Comienzo con un anticipo mi comentario sobre la novela de Genaro Arriagada: el ejemplar que he manejado está defectuoso. De la página 96 del capítulo 4 se retrocede a la página 65 hasta la 77 del capítulo 3. A continuación se repite este capítulo seguido por las dos páginas iniciales del capítulo 4, que sufre un nuevo cercenamiento desde la página 96 hasta llegar a la 129 del capítulo 5. Hay, pues, dos capítulos incompletos. Sin embargo, creo que las características de esta novela han favorecido que mi percepción y la opinión que me he formado de ella no fuesen afectadas por la ausencia de esas páginas.
Trotsky y la Marilyn es un relato con un hilo argumental tenue que avanza lentamente, casi asfixiado por el excesivo volumen que ocupan en su discurso otras dimensiones lingüísticas de indudable carácter no narrativo: polémicas y explicaciones sobre temas políticos, sociales y económicos que dominan con exclusividad casi absoluta el diálogo de los personajes y otros niveles del texto.

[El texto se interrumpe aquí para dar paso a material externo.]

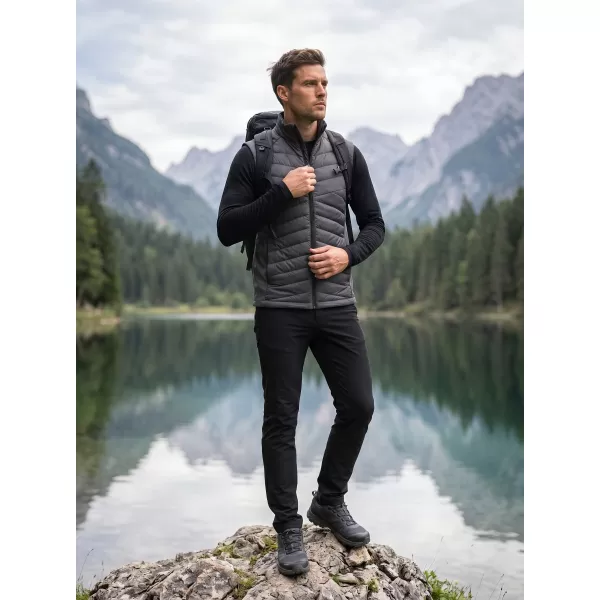  Vestă hibridă pentru bărbați MALFINI PREMIUM CROSS 557 ANTRACIT DESCHIS 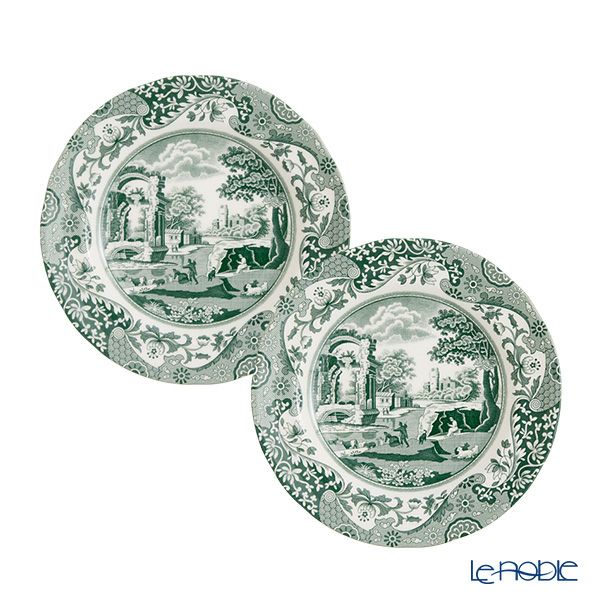 スポード グリーンイタリアン プレート 20cm ペア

Difícilmente podría identificarse esta novela con las narraciones que se escriben para comunicar una ficción, es decir, para crear una realidad imaginaria que, si bien surge de los parámetros de la vida cotidiana, de un tiempo y un espacio históricamente definidos, adquiere una naturaleza única, autónoma en cuanto obra de arte; de valores que se generan y sostienen precisamente en lo que la obra tiene de diferente con la realidad de la cual se nutre. La ficción narrativa, al igual que toda construcción artística, nos hace percibir nuestra realidad desde otra realidad. Esa distancia casi no existe en
Trotsky y la Marilyn. Me da la impresión de que el autor la considera solo como un recurso ineludible para escribir sobre lo que realmente le interesa exponer: su análisis comprometido, su disección de una realidad cercana a su experiencia personal y no su recreación o interpretación artística. Por lo tanto, el lector abandona pronto la actitud de credulidad que exige la ficción para enfrentarse a esta novela con la mirada recelosa con que iniciamos la lectura de un ensayo, de un tratado sociológico, de un documento político o, incluso -como enseña el estructuralismo-, de un texto histórico.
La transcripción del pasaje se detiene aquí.